Sunday, October 28, 2012

Editorial: The shameful silence

Journalists are supposed to be the defenders of an informed society.  When they do their job, they are taking part in a noble and needed profession.  When a journalist is attempting to cover the stories that make the government uncomfortable and they are killed in the process, it is news.

So we're a little confused about Zia Mehdi.


Not that she died, we're not confused about that.  She did die.


jfo1


The Journalistic Freedoms Observatory explained Tuesday she was stabbed to death in Baghdad while working on two stories, the targeting of Iraq's LGBT community and the over-one hundred women arrested for prostitution in Baghdad.   The Journalistic Freedoms Observatory is a journalism organization based in Baghdad.  There are international journalism organizations.  There is, for example, Reporters Without Borders and the Committee to Protect Journalism.

Strangely, a journalist stabbed to death wasn't even a blip on the radar of either Reporters Without Borders or the Committee to Protect Journalism.
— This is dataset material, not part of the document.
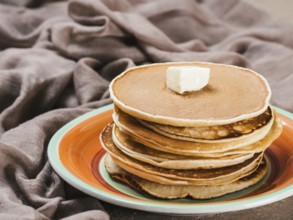 Close up view of homemade pancakes. Stack of pancakes with butter on brown concrete background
And the coverage from the news media?  When a journalist is killed, it strikes close to home and many outlets can relate so it's a no-brainer to cover the death.  Well the Iraqi news outlet   Kitabat reported it on it Wednesday.


 zia mehdi

And this was followed by . . .


Well no one.

A journalist was stabbed to death in Baghdad.  She was trying to do her job.  She was covering researching stories that mattered.


It happened last Monday and most haven't even bothered to note it.